* **WHAT TO DO**:
The lines from the one holding "Detroit Lions One" to the end of the records below, exactly as written, are the only thing to return.

Segment Start: GIVEN RECORDS

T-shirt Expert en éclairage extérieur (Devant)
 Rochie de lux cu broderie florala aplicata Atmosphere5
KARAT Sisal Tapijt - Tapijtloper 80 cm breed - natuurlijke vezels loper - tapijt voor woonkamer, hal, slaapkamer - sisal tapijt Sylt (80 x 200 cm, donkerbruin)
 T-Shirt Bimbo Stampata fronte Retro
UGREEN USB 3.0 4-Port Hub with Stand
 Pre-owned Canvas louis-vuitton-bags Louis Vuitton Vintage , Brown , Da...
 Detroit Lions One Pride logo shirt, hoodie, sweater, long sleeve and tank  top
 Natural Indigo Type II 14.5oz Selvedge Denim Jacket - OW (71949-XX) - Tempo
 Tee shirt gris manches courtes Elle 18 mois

Segment End: GIVEN RECORDS

* **WRITTEN ANSWER**:
 Detroit Lions One Pride logo shirt, hoodie, sweater, long sleeve and tank  top
 Natural Indigo Type II 14.5oz Selvedge Denim Jacket - OW (71949-XX) - Tempo
 Tee shirt gris manches courtes Elle 18 mois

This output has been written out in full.